__Your goal__. Leave the pictures out and reproduce all the entries word for word.

__Input__.
"""
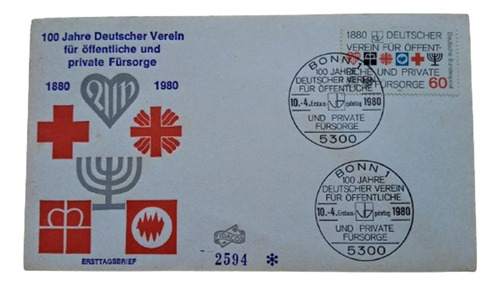 Selos Alemanha Centenário Associação 1980 - Envelope 1º Dia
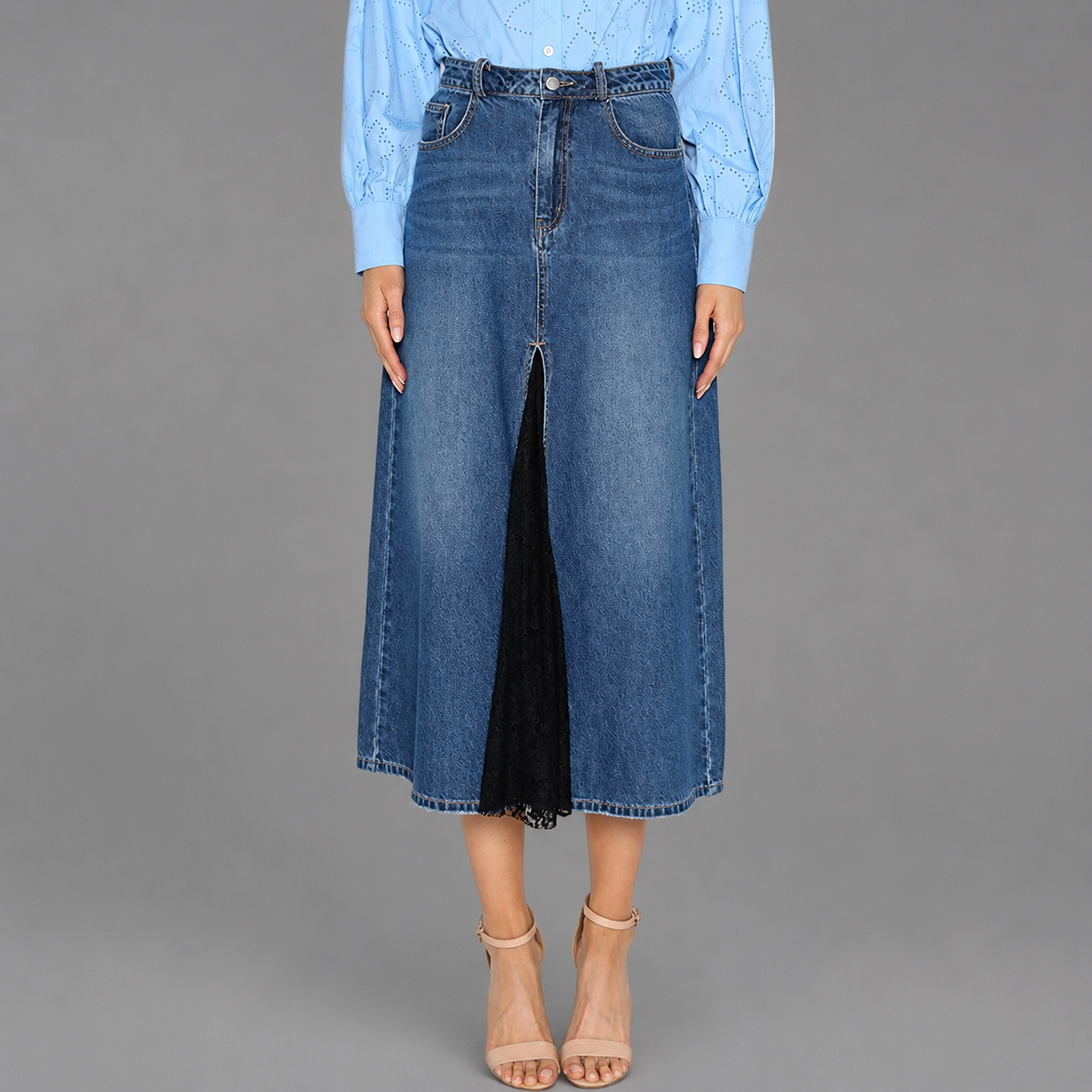 Falda Midi Denim Azul con Abertura Frontal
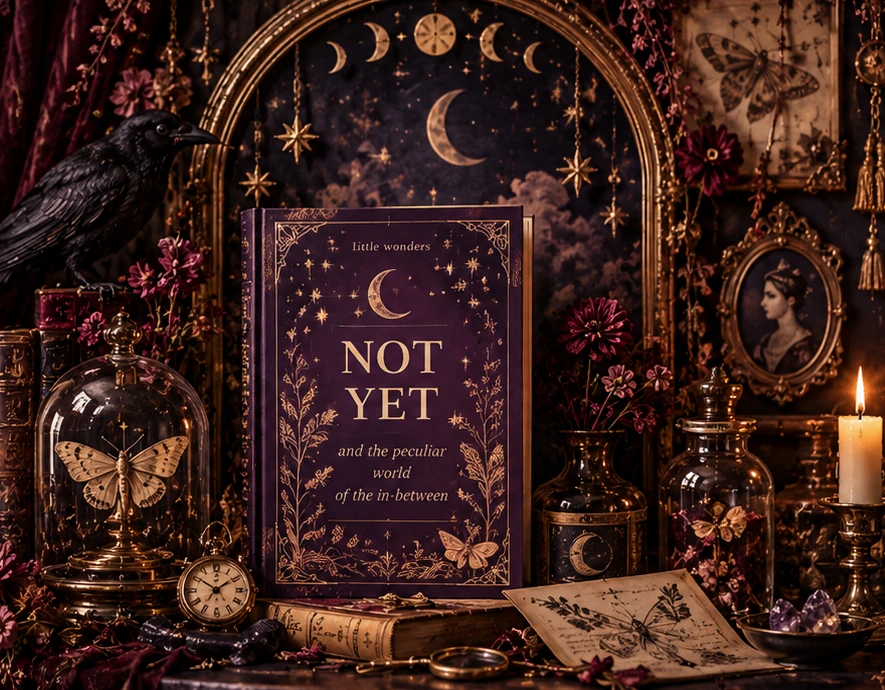 Concept cover for the Little Wonders book Not Yet, surrounded by Victorian books, moths, flowers, moon and candlelight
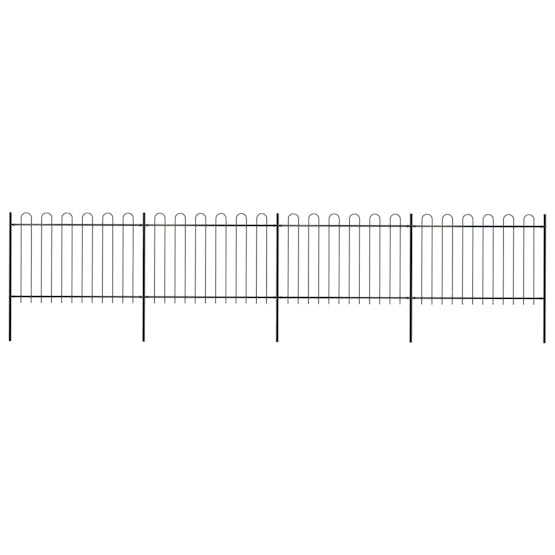 vidaXL 277668 Garden Fence With Hoop Top Steel 6.8x1.2 M Black vidaXL 277668 Garden Fence With Hoop Top Steel 6.8x1.2 M Black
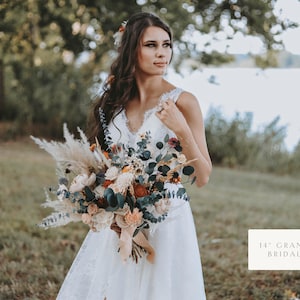 KATNISS | Wood Flower Wedding Bouquet with Eucalyptus and Pampas Grass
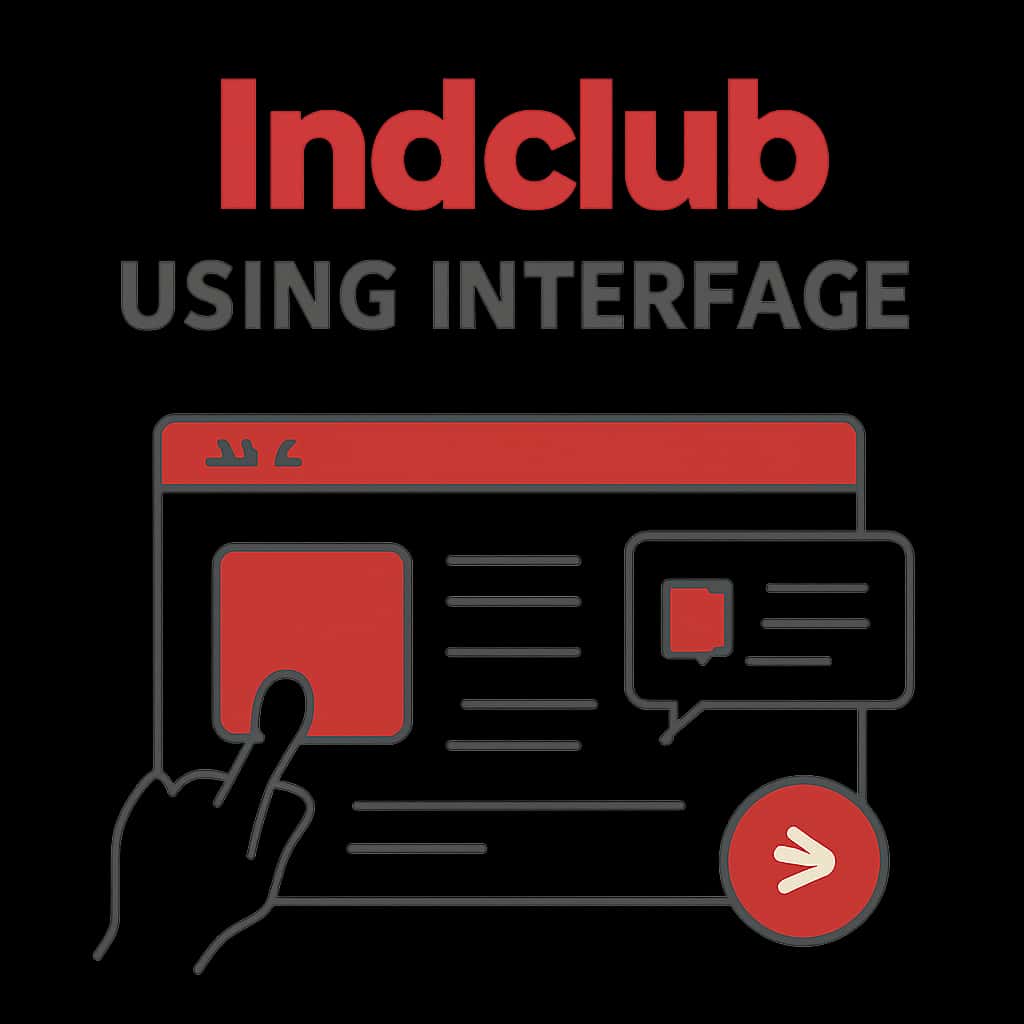 An educational diagram illustrating core features of the Indclub interface.
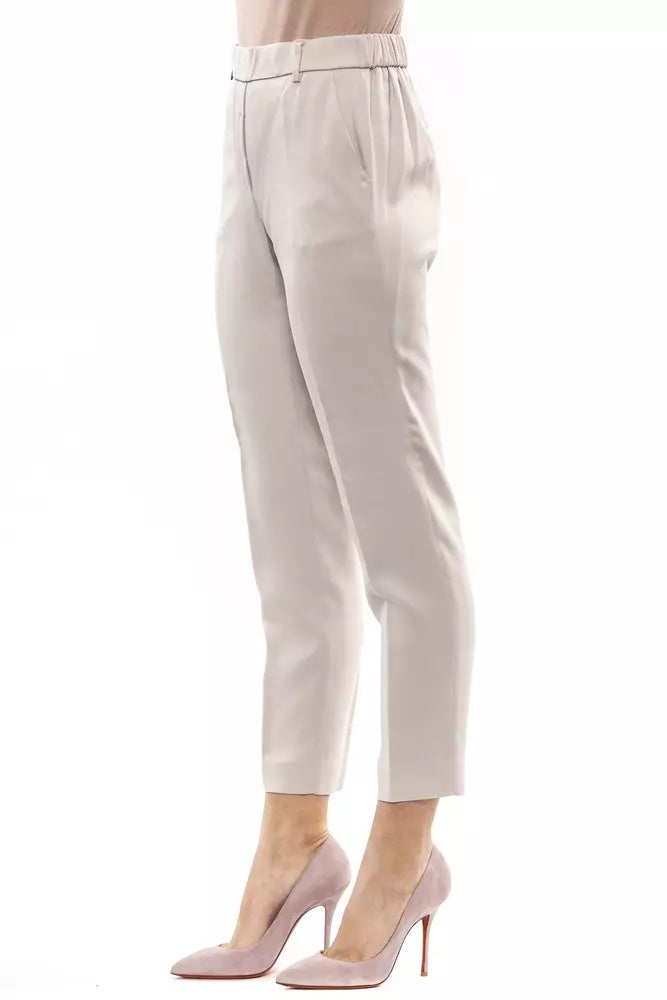 Beige Viscose Women Pant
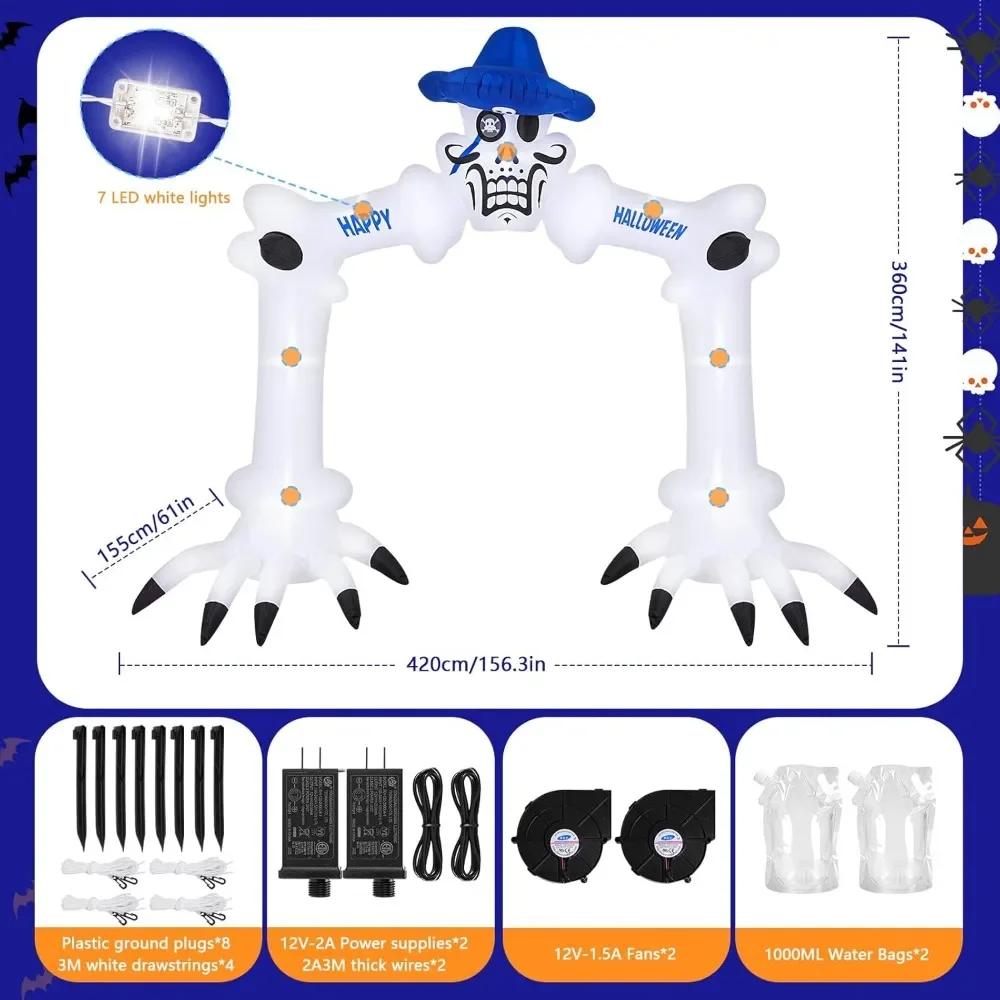 할로윈 팽창식 해골 아치, 야외 장식, 대형 팽창식 아치, 내장 LED, 무서운 음악, 선풍기, 13 피트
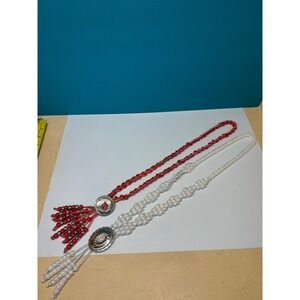 Handmade‎ Beaded Bolo Tie Set Red White Iridescent Western Concho Tassel 2pc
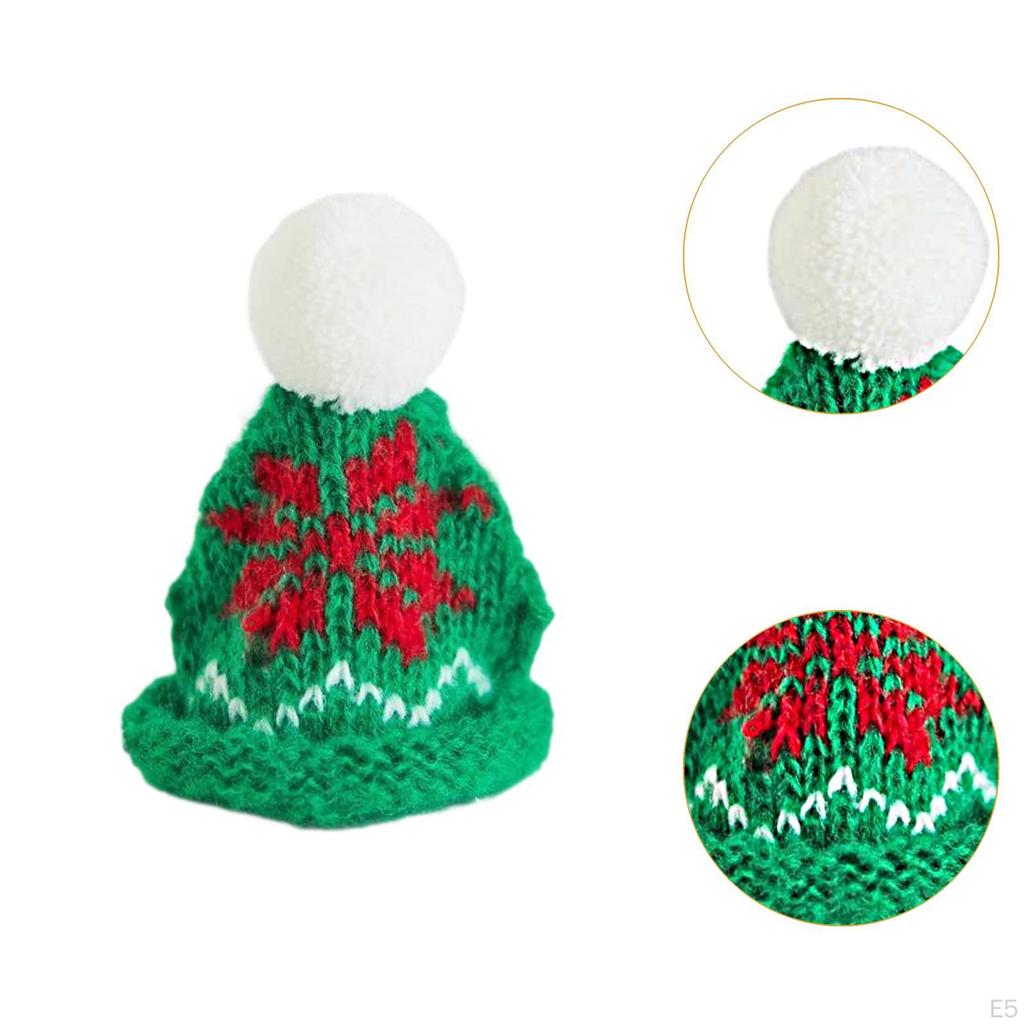 Christmas Mini Knit Hat Decoration Decorative Holiday Cute DIY Accessories Tiny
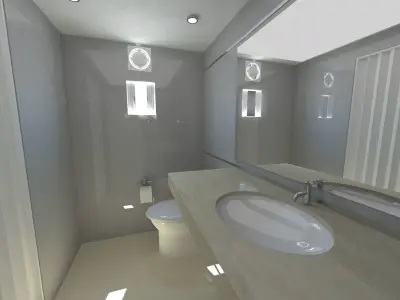 Narrow bathroom design for offices 3D model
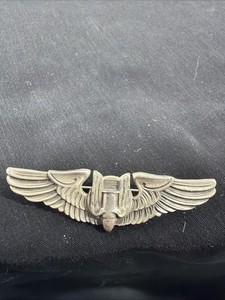 Vintage 1940s Original WW2 US Army Air Force Aerial Gunner Wings 2" Pin Sterling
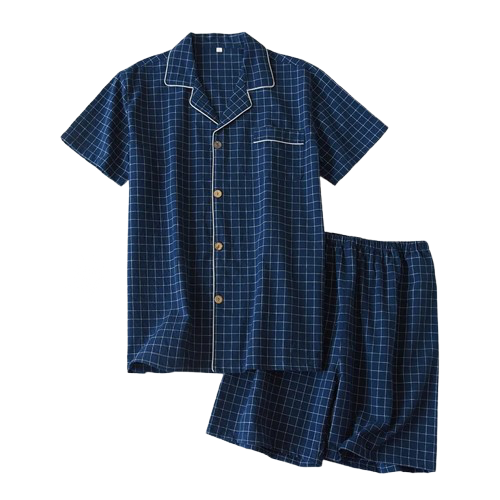 Pyjama Homme Coton “Carreaux Minima d’Été” – Ensemble Léger & Respirant, Style Classique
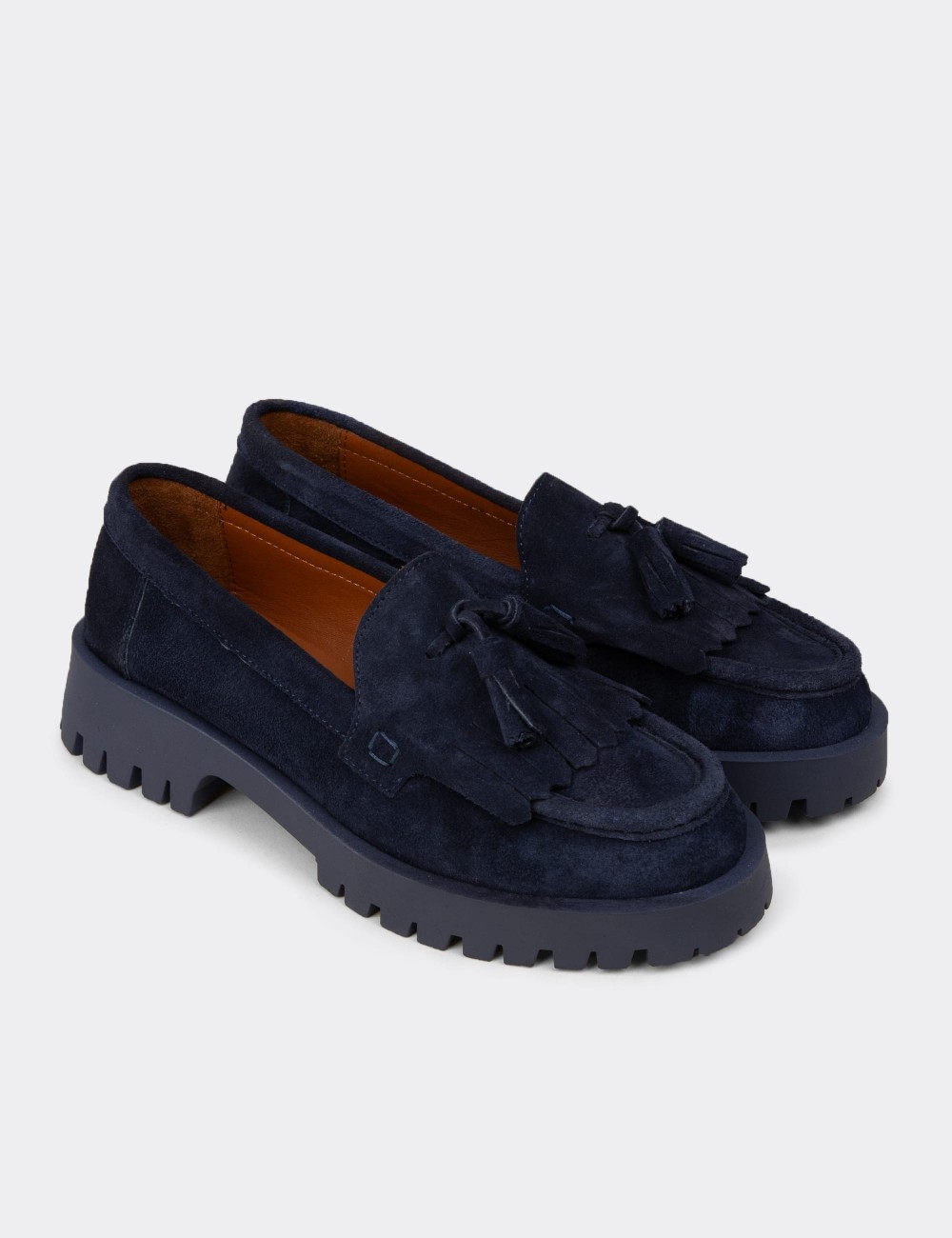 Kadın Hakiki Süet Lacivert Püsküllü Loafer Ayakkabı - 02033ZLCVC01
"""
__Response__.
 Selos Alemanha Centenário Associação 1980 - Envelope 1º Dia
 Falda Midi Denim Azul con Abertura Frontal
 Concept cover for the Little Wonders book Not Yet, surrounded by Victorian books, moths, flowers, moon and candlelight
 vidaXL 277668 Garden Fence With Hoop Top Steel 6.8x1.2 M Black vidaXL 277668 Garden Fence With Hoop Top Steel 6.8x1.2 M Black
 KATNISS | Wood Flower Wedding Bouquet with Eucalyptus and Pampas Grass
 An educational diagram illustrating core features of the Indclub interface.
 Beige Viscose Women Pant
 할로윈 팽창식 해골 아치, 야외 장식, 대형 팽창식 아치, 내장 LED, 무서운 음악, 선풍기, 13 피트
 Handmade‎ Beaded Bolo Tie Set Red White Iridescent Western Concho Tassel 2pc
 Christmas Mini Knit Hat Decoration Decorative Holiday Cute DIY Accessories Tiny
 Narrow bathroom design for offices 3D model
 Vintage 1940s Original WW2 US Army Air Force Aerial Gunner Wings 2" Pin Sterling
 Pyjama Homme Coton “Carreaux Minima d’Été” – Ensemble Léger & Respirant, Style Classique
 Kadın Hakiki Süet Lacivert Püsküllü Loafer Ayakkabı - 02033ZLCVC01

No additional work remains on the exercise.